> What you need to do: Each line below that holds the word "Обложка" counts once. Say how many such lines there are, and no more.

▶

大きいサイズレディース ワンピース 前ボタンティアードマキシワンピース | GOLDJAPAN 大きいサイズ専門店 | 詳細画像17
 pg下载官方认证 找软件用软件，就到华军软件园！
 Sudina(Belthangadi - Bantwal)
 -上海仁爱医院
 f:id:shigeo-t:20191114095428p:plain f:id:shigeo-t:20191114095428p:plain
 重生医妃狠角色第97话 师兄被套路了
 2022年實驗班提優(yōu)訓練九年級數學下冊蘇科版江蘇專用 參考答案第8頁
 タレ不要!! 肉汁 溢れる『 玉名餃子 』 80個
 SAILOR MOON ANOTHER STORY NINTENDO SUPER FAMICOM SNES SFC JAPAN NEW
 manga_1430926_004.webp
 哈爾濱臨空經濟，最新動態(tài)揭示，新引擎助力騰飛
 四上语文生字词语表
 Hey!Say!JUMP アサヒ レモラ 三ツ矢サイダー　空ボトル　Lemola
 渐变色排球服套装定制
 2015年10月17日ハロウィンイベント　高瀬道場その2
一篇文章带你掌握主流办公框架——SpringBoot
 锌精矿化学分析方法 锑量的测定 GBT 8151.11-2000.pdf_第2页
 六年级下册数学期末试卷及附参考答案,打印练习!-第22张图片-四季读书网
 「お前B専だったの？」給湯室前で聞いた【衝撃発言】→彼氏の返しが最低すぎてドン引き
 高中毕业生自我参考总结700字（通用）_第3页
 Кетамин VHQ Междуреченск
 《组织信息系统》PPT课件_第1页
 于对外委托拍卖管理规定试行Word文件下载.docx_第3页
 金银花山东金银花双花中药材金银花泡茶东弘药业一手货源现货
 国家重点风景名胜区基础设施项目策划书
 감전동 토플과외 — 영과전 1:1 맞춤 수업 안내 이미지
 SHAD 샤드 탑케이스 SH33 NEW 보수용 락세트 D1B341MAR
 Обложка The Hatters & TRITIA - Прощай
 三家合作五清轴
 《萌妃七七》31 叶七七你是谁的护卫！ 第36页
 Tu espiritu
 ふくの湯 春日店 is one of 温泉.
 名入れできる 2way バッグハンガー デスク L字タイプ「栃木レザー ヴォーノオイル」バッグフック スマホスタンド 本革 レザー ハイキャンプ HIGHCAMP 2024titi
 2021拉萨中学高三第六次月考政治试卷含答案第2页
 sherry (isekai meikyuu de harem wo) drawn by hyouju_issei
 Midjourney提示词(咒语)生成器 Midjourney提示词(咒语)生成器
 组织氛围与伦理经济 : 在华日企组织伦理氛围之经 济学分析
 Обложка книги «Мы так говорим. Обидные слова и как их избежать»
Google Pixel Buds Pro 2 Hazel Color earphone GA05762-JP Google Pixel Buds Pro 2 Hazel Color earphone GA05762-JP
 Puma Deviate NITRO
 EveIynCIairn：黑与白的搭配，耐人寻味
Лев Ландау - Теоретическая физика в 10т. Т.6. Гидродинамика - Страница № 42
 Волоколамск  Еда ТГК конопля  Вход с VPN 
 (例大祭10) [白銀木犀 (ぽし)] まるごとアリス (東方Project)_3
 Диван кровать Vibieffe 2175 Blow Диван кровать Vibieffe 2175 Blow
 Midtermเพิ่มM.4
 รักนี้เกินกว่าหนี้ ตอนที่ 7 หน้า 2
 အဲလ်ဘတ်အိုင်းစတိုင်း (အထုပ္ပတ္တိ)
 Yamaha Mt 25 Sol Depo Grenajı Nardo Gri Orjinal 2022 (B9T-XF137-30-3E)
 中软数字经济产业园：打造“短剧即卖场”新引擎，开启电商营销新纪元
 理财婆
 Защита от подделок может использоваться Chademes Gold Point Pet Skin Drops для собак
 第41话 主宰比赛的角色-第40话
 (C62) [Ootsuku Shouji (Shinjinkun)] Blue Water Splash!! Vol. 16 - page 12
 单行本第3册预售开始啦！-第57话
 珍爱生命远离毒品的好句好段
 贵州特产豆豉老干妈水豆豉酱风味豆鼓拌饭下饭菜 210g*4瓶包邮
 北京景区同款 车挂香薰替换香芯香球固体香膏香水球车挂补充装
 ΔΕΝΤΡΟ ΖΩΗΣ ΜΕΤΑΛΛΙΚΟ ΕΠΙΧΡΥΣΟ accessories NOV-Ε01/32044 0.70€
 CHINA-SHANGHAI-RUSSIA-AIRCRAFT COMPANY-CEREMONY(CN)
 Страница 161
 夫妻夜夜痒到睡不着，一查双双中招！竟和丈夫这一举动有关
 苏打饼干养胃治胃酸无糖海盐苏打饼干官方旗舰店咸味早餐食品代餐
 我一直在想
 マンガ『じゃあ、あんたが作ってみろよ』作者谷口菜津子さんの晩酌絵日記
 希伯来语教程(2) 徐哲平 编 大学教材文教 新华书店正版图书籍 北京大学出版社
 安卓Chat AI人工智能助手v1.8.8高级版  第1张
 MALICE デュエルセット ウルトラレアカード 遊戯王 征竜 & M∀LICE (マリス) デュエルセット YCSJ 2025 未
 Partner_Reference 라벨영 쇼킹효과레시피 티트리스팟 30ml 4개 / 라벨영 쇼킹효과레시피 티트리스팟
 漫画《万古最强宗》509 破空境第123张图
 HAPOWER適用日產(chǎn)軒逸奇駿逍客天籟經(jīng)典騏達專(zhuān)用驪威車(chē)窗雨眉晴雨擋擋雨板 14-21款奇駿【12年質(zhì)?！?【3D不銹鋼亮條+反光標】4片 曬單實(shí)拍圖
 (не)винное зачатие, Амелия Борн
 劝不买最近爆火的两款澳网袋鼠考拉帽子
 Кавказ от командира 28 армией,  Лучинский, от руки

◀

> Response to this exercise: 2